Foto von Hannah Brinkmann

Lennard Schwarz

Hannah Brinkmanns Buch „Gegen mein Gewissen“ ist im avant-verlag erschienen.

Die Bedeutung des Fall Hermann Brinkmann

Nach seinem Suizid wird über mehrere Seiten hinweg nicht mehr gesprochen. Die Zeichnungen zeigen die Sprachlosigkeit über den Verlust eines sensiblen jungen Mannes, dessen persönliche Überzeugungen zu einem Konflikt mit der Staatsmacht führten. Hannah Brinkmann zeigt auch was der Verlust für ihre Familie bedeutet hat - die Trauer, die Ohnmacht und der Ärger auf die Reporter*innen, die das Begräbnis störten.

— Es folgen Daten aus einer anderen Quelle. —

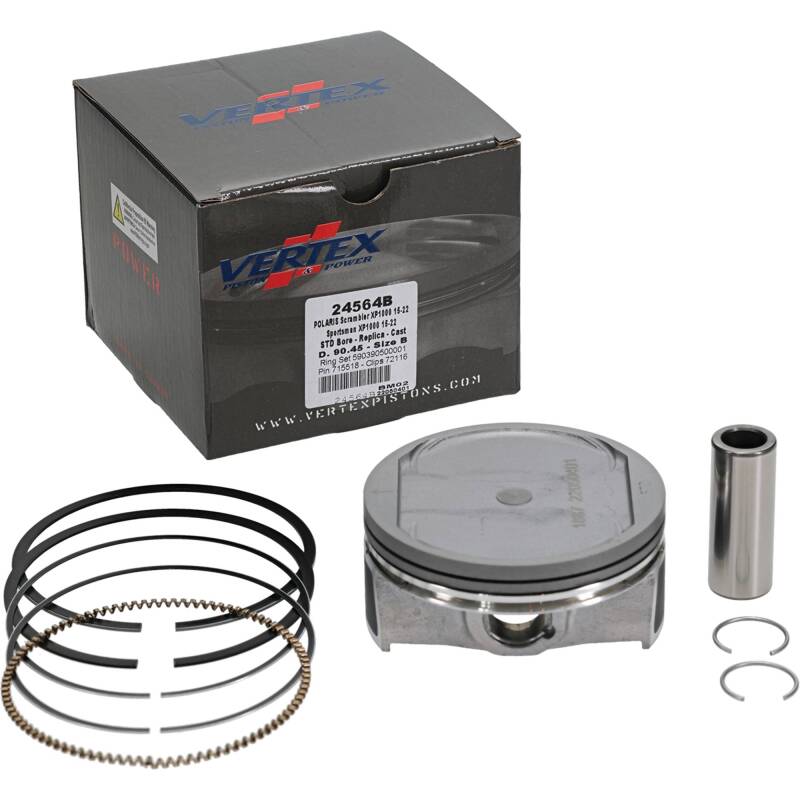 Vertex Pistons Vertex Piston 16-18 Polaris Scrambler 1000 Tractor 1000cc Cast Replica Piston Kit 24564B 24564B Photo - Primary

Der Fall Hermann Brinkmann löste in den 70er Jahren einen wichtigen Diskurs aus darüber, wie die Gesellschaft mit Kriegsdienstverweigerern umgeht. Sie mussten mit sozialer Ächtung und der Diskriminierung durch staatliche Institutionen leben, nur aufgrund einer persönlichen Überzeugung. „Gegen mein Gewissen“ ist ein großartig recherchiertes Stück Zeitgeschichte, das daran erinnert, dass es keine Selbstverständlichkeit ist frei wählen zu können, ob man Kriegsdienst leistet oder nicht. Tragische Fälle wie der von Hermann Brinkmann haben dazu beigetragen, dass heute Kriegsdienstverweigerung als Menschenrecht verankert ist und zumindest in Deutschland niemand mehr gezwungen werden kann, eine Waffe in die Hand zu nehmen.